Prior to the release of the reports of the OAG and the PSC, as Interim Privacy Commissioner, I also took early action to strengthen the management and financial framework of this Office. Upon my arrival on July 2, 2003, I immediately took steps to secure financial controls by retaining contracted financial expertise for the duration of the audit. Expertise in Human Resources was also retained. The recent Governor-in-Council appointments of two Assistant Privacy Commissioners, respectively responsible for ensuring compliance with privacy laws and each assuming horizontal management of key management functions, will guarantee ethical decision-making and values-based management, but will also ensure harmonization in policy insights and legislative perspectives.
More measures are also being contemplated and/or introduced at the moment of publication of these reports. These include, but are not limited to:
- Responding to a Treasury Board funded study of perceptions and attitudes related to the implementation of the spirit and letter of Policy on the Internal Disclosure of Information Concerning Wrongdoing in the Workplace.

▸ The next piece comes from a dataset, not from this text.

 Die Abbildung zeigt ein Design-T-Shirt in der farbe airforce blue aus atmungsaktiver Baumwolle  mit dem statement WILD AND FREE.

- Appointing an external disclosure Senior Officer who would operate in conformity with the current Policy on the Internal Disclosure of Information Concerning Wrongdoing in the Workplace.
- Hiring, under an institutional MOU, an external audit team to develop a risk management based Audit Plan and initiate its implementation in early 2004/05.
- Creating an independent external advisory board to address the governance challenges of the OPC and provide advice on strategy and vision.
- Developing and implementing a strategy to recover public funds and assets that may have wrongly been appropriated by past and current employees of this Office.
- Completing a control self-assessment carried out by an independent audit team to ascertain the Modern Comptrollership capacity at the Office, as it currently stands (July 2003).
- Taking legally-founded actions to remediate staffing, classification and compensation/remuneration actions that have been judged unjustified by auditors from the OAG and the PSC.
- Developing, with an appropriate education institution, a comprehensive learning strategy to support executive leadership, staff training and organizational learning.
I wish to commend the excellent cooperation that we have received from the audit teams of the OAG and the PSC, and I would also like to thank the staff of the Office of the Privacy Commissioner of Canada, who have offered their full participation to the audit teams, despite the fact that many have experienced personal and professional hardships under the previous regime. Their journey will not be in vain.
I have been impressed by the staff's commitment and I look forward to continue to work with them as together we re-build this institution which is so vital to our Canadian democracy. Canadians should know that our core business is healthy; it's the rest that requires attention. I am confident that the Office of the Privacy Commissioner of Canada will ultimately emerge as a more effective organization which upholds the principles of the Public Service while, at the same time, delivering on its mandate to protect and defend the privacy rights of Canadians."